[Dataset items]
------------

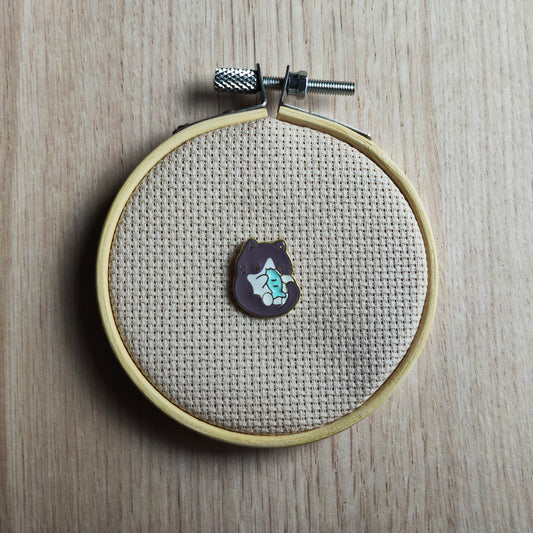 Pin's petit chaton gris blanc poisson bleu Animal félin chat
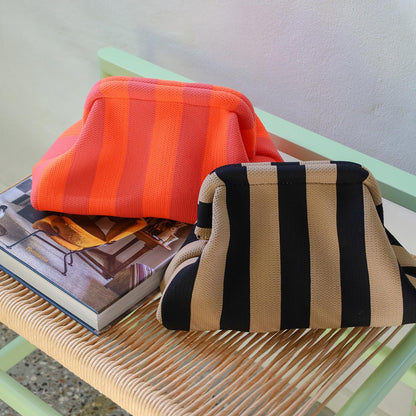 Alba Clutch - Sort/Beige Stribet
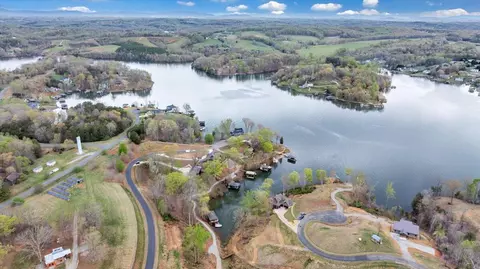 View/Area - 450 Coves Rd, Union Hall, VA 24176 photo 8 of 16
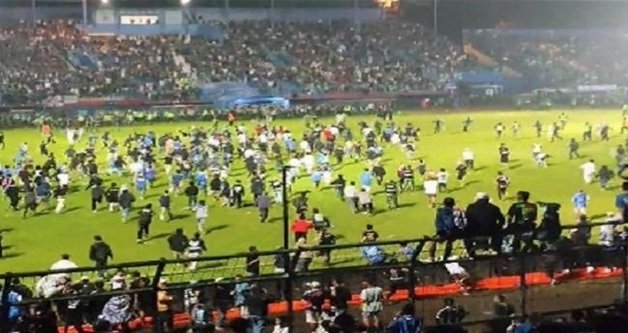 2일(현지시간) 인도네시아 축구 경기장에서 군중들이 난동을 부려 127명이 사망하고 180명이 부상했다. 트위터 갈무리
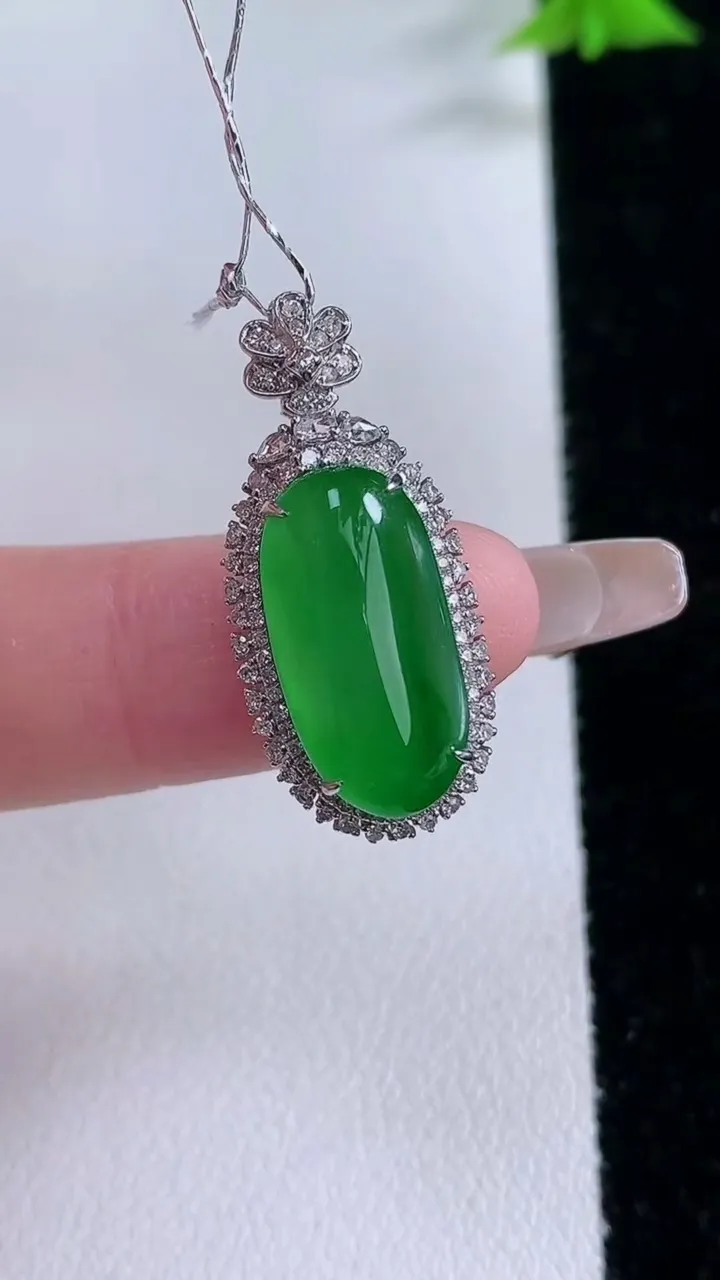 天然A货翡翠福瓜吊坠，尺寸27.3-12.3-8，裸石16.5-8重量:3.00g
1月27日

------------

* _Work instruction_: Return each entry exactly as it stands above, apart from any images.

* _The answer_:
 Pin's petit chaton gris blanc poisson bleu Animal félin chat
 Alba Clutch - Sort/Beige Stribet
 View/Area - 450 Coves Rd, Union Hall, VA 24176 photo 8 of 16
 2일(현지시간) 인도네시아 축구 경기장에서 군중들이 난동을 부려 127명이 사망하고 180명이 부상했다. 트위터 갈무리
 天然A货翡翠福瓜吊坠，尺寸27.3-12.3-8，裸石16.5-8重量:3.00g
1月27日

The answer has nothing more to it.